Gen. George H. Thomas, one of the ablest of the Union commanders, had collected a large force of all arms, and was confronting Hood at every turn of the route. We, in advance, came in contact with his cavalry a number of times, and I had many thrilling and narrow escapes. General Wilson, of the Union Army, had a well-equipped cavalry force of 10,000 men, and Forrest had to contend with this force with about half its number.

We kept the Union column moving backward day by day until we reached Spring Hill, Tenn. Here we came in contact with Slocum’s Corps; and after a severe fight, we pushed them back into the town, and had that column of the enemy separated from their main force, which had retreated on Franklin, Tenn., a short distance beyond.

Here a great mistake was made by some one other than General Forrest.

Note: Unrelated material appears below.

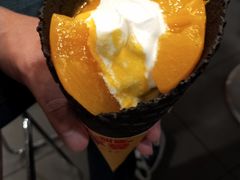 -麦当劳(龙之梦购物中心店)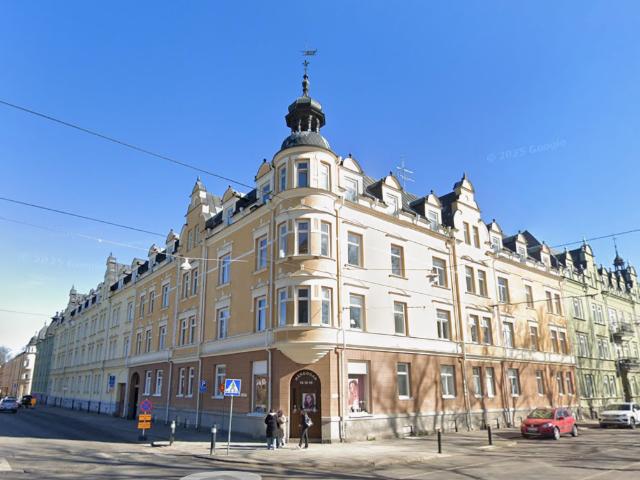 Ledig hyresrätt på Skepparagatan 55B, Norrköping | HomeQ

It is not my purpose to criticize, but I shall state facts and let the reader judge for himself.

At Spring Hill night came on soon after or about the time the battle closed, and Forrest moved his command around parallel to the pike that connected Spring Hill and Franklin.

Hood’s main army came up after nightfall.

Thomas had pushed on to Franklin, leaving Slocum and Wilson to hold the Confederates in check at Spring Hill until night, when they were to withdraw under cover of darkness.

I have no personal knowledge of what took place on that night between our commanders, but it was current talk, and has been published many times since the war, that General Forrest sent a message to General Hood urging that either our command or an infantry division be ordered to take position across the Franklin and Spring Hill Pike to prevent the uniting of the two Union columns. That this was not done was a blunder that laid the foundation for disaster to Hood’s army.

While I do not know what passed on that fateful night in the high councils of our leaders, I do know that, as Forrest’s command lay through the long, uneasy night along that pike, we plainly heard the artillery and wagons of the enemy’s army marching out of Spring Hill and away from sure defeat and capture, which would have been their fate had they kept their position until daylight of another day.

The next day General Hood arrayed his army in battle order under the expectancy that the enemy would make a stand at Franklin.